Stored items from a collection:
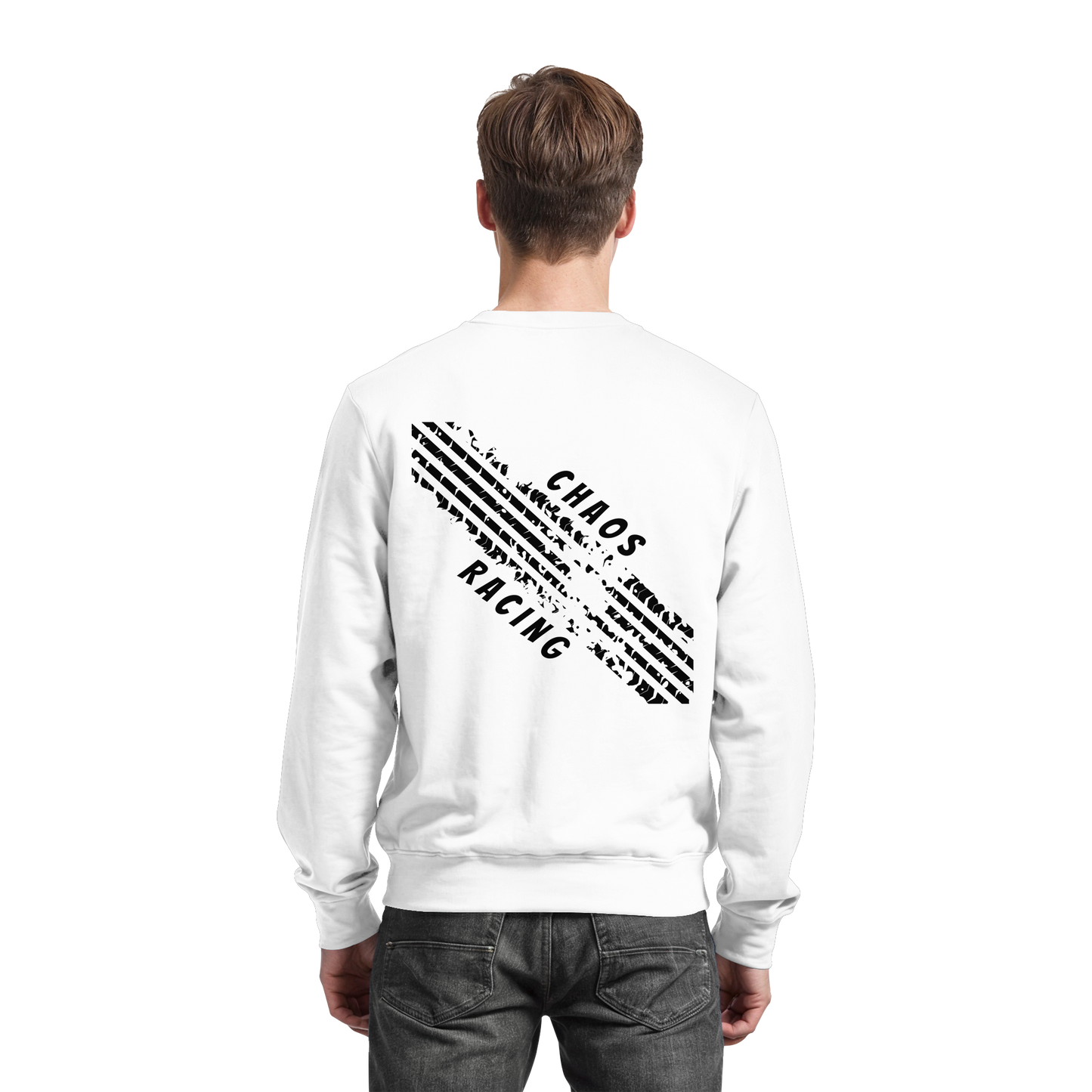 Chaos Racing 02 - Basic Sweatshirt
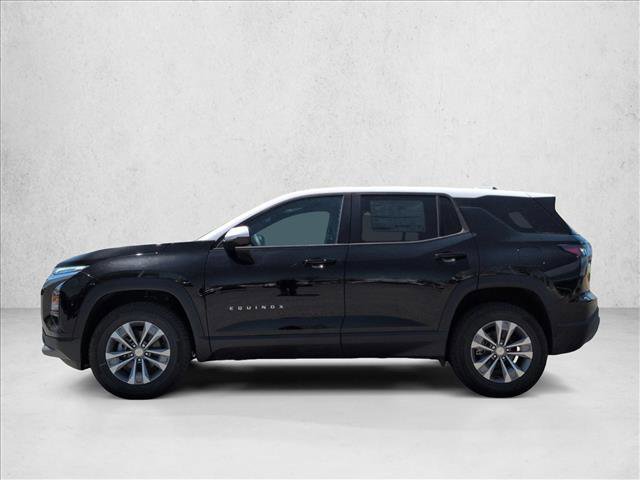 New 2026 Chevrolet Equinox LT AWD/4WD image 5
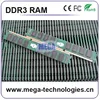 desktop laptop ddr ram ddr3 2GB 4gb 1333MHZ 1600 mhz memory module
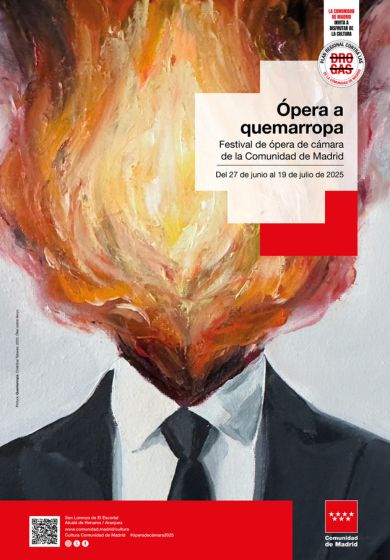 El diario de Ana Frank → Teatro Corral de Comedias - Alcalá de Henares (Madrid)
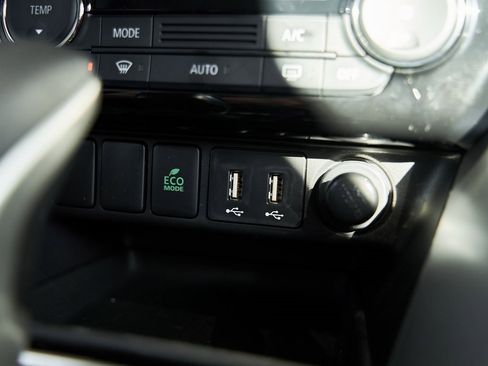 New 2026 Mitsubishi Eclipse Cross ES image 42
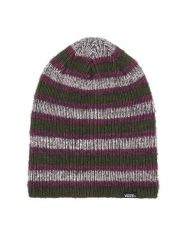 Vans Czapka Plaimor VN000QAVGRK1 Zielony. Zielone czapki zimowe damskie Vans. Za 129.99 zł.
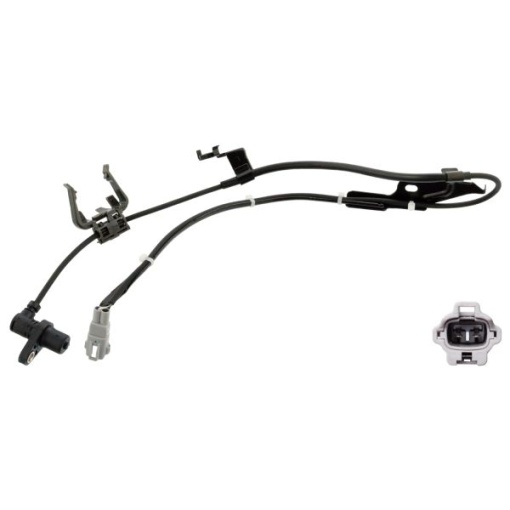Senzor ABS Fata Stanga potrivit LEXUS RX; TOYOTA HARRIER, HIGHLANDER / KLUGER 2.4-3.5 09.00-12.13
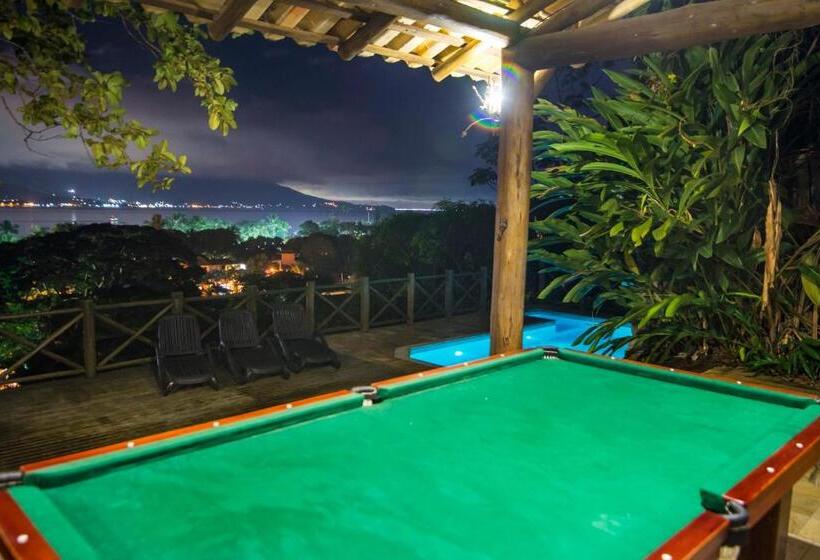 هتل Pousada Perequê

Description of the task:
Write out the records shown above exactly, but do not include any images.

Response for this exercise:
 Chaos Racing 02 - Basic Sweatshirt
 New 2026 Chevrolet Equinox LT AWD/4WD image 5
 desktop laptop ddr ram ddr3 2GB 4gb 1333MHZ 1600 mhz memory module
 El diario de Ana Frank → Teatro Corral de Comedias - Alcalá de Henares (Madrid)
 New 2026 Mitsubishi Eclipse Cross ES image 42
 Vans Czapka Plaimor VN000QAVGRK1 Zielony. Zielone czapki zimowe damskie Vans. Za 129.99 zł.
Senzor ABS Fata Stanga potrivit LEXUS RX; TOYOTA HARRIER, HIGHLANDER / KLUGER 2.4-3.5 09.00-12.13
 هتل Pousada Perequê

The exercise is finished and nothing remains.